Judge Configuration Rules

Rule	Rationale
Request reasoning alongside score	Enables debugging failed cases
Evaluate one criterion per call	Multi-criterion prompts produce inconsistent scores
Use stronger model than the one being evaluated	Judge must exceed the model's capability
Align judge with human labels before deploying	Misaligned judge produces misleading metrics
Randomize response position in comparative eval	Position bias: models favor first/last response

Judge Alignment Process

Before using LLM-as-judge in production:

1. Collect 100 labeled examples (human annotated)
2. Run judge on the same examples
3. Compute judge–human agreement (Cohen's kappa or accuracy)
4. Identify disagreement patterns (where does judge fail?)
5. Refine judge prompt to address disagreements
6. Repeat until agreement > 0.7 (substantial) or 0.8 (strong)

Target 80%+ agreement between judge and human labels before trusting the judge for regression testing.

RAG-Specific Evaluation

Evaluate RAG in two stages: retrieval quality and generation quality.

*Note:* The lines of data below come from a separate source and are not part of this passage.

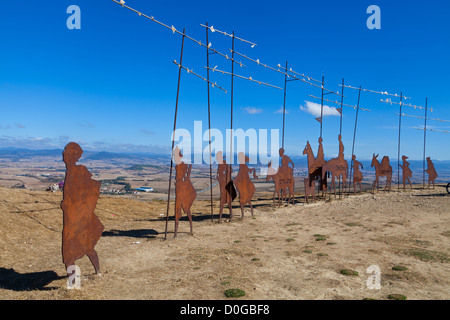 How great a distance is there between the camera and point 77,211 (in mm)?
7145

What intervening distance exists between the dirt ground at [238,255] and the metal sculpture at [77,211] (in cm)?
81

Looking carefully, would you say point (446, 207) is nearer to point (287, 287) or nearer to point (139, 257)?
point (287, 287)

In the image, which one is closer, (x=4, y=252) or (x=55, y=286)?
(x=55, y=286)

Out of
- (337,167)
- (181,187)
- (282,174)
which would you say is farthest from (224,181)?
(337,167)

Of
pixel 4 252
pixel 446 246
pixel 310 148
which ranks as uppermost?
pixel 310 148

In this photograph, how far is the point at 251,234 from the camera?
12.2 metres

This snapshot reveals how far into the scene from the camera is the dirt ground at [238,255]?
6609mm

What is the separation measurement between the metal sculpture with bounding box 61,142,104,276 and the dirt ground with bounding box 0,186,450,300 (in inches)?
32.0

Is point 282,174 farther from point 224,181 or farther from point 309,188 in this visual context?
point 224,181

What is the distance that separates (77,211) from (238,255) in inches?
185

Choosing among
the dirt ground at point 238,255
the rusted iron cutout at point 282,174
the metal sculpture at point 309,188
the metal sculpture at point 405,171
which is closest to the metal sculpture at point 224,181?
the dirt ground at point 238,255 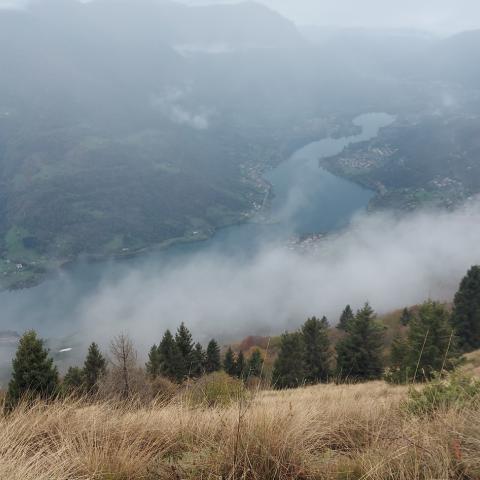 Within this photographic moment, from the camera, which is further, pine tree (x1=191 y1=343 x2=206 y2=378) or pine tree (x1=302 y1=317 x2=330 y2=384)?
pine tree (x1=191 y1=343 x2=206 y2=378)

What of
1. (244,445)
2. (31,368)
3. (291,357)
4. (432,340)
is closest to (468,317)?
(291,357)

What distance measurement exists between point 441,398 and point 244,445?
8.14ft

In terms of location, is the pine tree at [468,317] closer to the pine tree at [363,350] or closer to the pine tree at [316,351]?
the pine tree at [363,350]

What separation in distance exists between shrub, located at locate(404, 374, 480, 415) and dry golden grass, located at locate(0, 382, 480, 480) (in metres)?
0.23

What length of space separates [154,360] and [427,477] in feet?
166

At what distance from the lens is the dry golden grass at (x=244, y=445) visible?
314 centimetres

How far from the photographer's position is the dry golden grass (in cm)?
314

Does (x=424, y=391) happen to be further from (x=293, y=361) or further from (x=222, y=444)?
(x=293, y=361)

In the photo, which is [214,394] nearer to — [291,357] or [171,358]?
[291,357]

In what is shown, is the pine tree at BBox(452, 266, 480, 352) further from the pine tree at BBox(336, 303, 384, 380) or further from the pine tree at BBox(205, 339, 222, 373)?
the pine tree at BBox(205, 339, 222, 373)

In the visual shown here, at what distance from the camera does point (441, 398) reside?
4793 millimetres

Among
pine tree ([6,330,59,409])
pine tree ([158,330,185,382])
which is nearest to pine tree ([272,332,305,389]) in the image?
pine tree ([158,330,185,382])

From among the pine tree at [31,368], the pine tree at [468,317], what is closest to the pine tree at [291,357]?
the pine tree at [468,317]

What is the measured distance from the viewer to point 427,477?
292cm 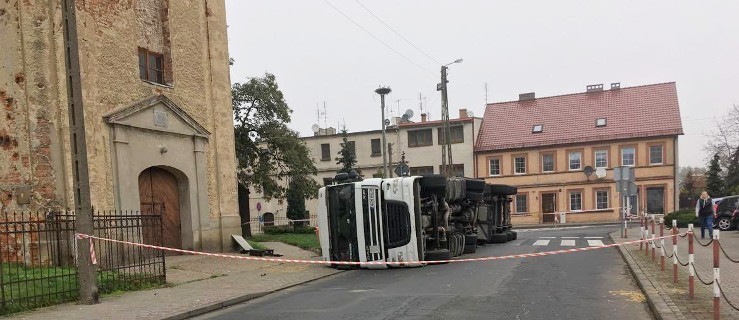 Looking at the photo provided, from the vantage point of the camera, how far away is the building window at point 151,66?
54.3ft

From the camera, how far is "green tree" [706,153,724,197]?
150 ft

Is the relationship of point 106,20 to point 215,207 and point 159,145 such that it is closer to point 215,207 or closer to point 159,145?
point 159,145

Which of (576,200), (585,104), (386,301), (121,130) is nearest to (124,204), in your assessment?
(121,130)

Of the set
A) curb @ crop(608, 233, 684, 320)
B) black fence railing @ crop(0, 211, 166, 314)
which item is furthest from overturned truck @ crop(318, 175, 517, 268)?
curb @ crop(608, 233, 684, 320)

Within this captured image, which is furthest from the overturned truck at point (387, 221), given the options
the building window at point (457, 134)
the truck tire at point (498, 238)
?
the building window at point (457, 134)

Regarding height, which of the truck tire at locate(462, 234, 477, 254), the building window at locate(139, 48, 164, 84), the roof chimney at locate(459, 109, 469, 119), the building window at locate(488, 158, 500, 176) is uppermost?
the roof chimney at locate(459, 109, 469, 119)

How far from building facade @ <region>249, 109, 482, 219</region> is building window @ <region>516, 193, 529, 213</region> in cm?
423

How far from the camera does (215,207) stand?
1881 centimetres

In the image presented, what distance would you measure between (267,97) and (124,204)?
14.3 meters

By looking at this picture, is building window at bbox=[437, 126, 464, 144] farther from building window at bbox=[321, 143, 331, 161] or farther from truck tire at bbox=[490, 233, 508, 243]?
truck tire at bbox=[490, 233, 508, 243]

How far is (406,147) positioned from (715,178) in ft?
81.3

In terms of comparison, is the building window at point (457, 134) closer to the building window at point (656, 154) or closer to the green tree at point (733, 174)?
the building window at point (656, 154)

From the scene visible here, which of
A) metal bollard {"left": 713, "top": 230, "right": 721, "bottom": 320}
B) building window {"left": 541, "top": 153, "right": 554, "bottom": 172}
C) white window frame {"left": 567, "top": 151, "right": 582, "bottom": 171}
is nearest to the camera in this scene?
metal bollard {"left": 713, "top": 230, "right": 721, "bottom": 320}

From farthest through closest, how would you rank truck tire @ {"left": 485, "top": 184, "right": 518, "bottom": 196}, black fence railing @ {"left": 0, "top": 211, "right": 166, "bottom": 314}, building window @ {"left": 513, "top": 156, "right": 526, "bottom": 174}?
1. building window @ {"left": 513, "top": 156, "right": 526, "bottom": 174}
2. truck tire @ {"left": 485, "top": 184, "right": 518, "bottom": 196}
3. black fence railing @ {"left": 0, "top": 211, "right": 166, "bottom": 314}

A perfect generator cannot compensate for poor retrieval.

Retrieval Metrics

Metric	Definition	Compute Without Golden Labels?
Context Relevance	Fraction of retrieved chunks relevant to the query	Yes — LLM judge per chunk
Context Recall	Fraction of needed information that was retrieved	No — requires golden context
Context Precision	Fraction of retrieved chunks that were actually used in the answer	Partial

Generation Metrics

Metric	Definition	Compute Without Golden Labels?
Faithfulness	Answer uses only retrieved context (no hallucination)	Yes — LLM checks each claim
Answer Relevance	Answer addresses the actual question asked	Yes — LLM judge
Answer Correctness	Answer matches known-correct answer	No — requires golden answer

Minimal viable eval set: Start with faithfulness + answer relevance. Both use LLM-as-judge and require no pre-labeled data. Add answer correctness when building a curated golden set.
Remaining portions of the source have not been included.